It seems inevitable that every conservative news outlet will, sooner or later, dirty its hands by latching onto the birther issue. The Washington Examiner plunges in by publishing a Nov. 22 op-ed by Diana West promoting one birther's case.
West wrote that Terrence Lakin, an Army lieutenant colonel, “faces an upcoming court-martial at Fort Meade, Md., on Dec. 14 for refusing to follow orders to redeploy to Afghanistan because of his conviction that the president hasn't proven his eligibility to hold office.” Lakin is the birthers' latest hope for promoting their case, and West admits she's writing about him in part because “Lakin supporters have dubbed this week Terry Lakin Action Week, urging American citizens to take the occasion to call their congressional representatives about the case.”
West lionized Lakin as “a senior military officer with an unblemished career” who is committing “what amounts to a historic act of civil disobedience for which he may well serve time in prison.” The reality, meanwhile, is that a military judge has already ruled that, according to military law, the personal beliefs or convictions of a soldier are not enough for the soldier to deem an order illegal, that Lakin cannot introduce any evidence related to Obama's citizenship at his court-martial, and that the military court was not the proper venue for determining the eligibility of a president.
West peppered her op-ed with standard birther arguments:
Of course, Obama's failure to release his original 1961 birth certificate (which, contrary to mantralike misperception, has never been released) is just the beginning. There remains a startling dearth of documentation pertaining to Obama's progress through his 49 years of life that only begins with his birth certificate.
A gaping hole -- dare I say “memory hole”? -- seems to have consumed all possible Obama records from his education, health, family records, even his pre-presidential political career.

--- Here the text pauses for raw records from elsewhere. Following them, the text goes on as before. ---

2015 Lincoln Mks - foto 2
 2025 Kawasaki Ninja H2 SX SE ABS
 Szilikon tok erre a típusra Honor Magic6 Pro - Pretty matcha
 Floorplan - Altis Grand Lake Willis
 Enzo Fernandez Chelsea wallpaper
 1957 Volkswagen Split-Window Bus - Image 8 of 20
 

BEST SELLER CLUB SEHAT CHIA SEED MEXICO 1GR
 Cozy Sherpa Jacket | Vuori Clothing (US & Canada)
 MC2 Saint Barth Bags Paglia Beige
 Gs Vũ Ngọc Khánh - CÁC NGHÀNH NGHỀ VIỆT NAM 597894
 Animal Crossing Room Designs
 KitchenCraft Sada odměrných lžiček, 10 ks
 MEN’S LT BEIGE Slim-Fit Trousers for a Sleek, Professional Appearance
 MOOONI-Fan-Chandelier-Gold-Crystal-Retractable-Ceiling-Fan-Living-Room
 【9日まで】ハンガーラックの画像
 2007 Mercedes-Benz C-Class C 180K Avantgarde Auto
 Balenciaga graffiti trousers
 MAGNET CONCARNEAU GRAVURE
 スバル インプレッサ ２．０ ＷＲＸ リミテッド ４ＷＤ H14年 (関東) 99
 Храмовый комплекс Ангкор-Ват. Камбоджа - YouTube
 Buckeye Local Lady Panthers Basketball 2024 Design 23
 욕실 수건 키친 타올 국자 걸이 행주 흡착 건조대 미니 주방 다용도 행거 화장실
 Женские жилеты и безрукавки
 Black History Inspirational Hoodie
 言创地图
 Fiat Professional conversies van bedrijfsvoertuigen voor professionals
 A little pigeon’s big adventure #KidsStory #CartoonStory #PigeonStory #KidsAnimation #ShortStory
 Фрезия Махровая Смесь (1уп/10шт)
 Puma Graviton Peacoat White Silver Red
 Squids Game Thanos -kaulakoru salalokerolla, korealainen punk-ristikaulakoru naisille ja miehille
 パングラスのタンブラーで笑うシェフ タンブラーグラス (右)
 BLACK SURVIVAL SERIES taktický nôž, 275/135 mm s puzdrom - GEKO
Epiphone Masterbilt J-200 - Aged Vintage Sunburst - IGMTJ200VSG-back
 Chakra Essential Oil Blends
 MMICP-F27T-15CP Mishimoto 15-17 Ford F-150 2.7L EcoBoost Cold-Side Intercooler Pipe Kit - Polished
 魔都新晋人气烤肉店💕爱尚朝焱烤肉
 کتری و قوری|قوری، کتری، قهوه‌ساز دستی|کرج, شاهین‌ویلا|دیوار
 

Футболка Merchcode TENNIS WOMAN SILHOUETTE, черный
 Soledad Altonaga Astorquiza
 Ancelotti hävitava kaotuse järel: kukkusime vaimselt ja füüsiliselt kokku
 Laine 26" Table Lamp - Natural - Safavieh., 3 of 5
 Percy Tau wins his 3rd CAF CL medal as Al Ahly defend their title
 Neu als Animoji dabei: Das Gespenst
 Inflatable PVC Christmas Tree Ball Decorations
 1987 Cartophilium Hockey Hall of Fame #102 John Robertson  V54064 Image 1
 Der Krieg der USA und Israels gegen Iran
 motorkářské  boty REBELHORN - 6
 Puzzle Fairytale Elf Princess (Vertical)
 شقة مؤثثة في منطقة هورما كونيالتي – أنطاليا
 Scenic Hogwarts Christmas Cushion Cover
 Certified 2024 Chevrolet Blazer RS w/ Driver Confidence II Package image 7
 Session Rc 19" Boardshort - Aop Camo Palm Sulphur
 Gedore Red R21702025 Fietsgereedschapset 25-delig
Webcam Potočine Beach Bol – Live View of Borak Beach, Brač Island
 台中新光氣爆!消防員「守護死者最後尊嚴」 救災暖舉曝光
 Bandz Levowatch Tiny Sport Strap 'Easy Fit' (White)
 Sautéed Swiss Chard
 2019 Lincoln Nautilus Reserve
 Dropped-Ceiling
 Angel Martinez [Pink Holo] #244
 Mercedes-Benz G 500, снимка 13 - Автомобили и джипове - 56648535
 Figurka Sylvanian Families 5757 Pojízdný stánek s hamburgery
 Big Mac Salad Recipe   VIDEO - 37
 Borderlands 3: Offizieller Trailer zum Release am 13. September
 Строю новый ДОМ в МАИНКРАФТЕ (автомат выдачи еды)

But this subject is never taken seriously by the media or the political establishment, including, most glaringly, erstwhile GOP opponent John McCain, who, on being challenged on the eligibility question himself, should have called on candidate Obama to join him in releasing their bona fides together.
But even to suggest such a thing is to indulge in “conspiracy theories.” Not surprisingly, Wikipedia defines this term for us as well, noting that it's “often used dismissively in an attempt to characterize a belief as outlandishly false and held by a person judged to be a crank or a group confined to the lunatic fringe.”
Is the birther path really the one that Philip Anschutz's aggressively conservative publication wants to take? It appears so.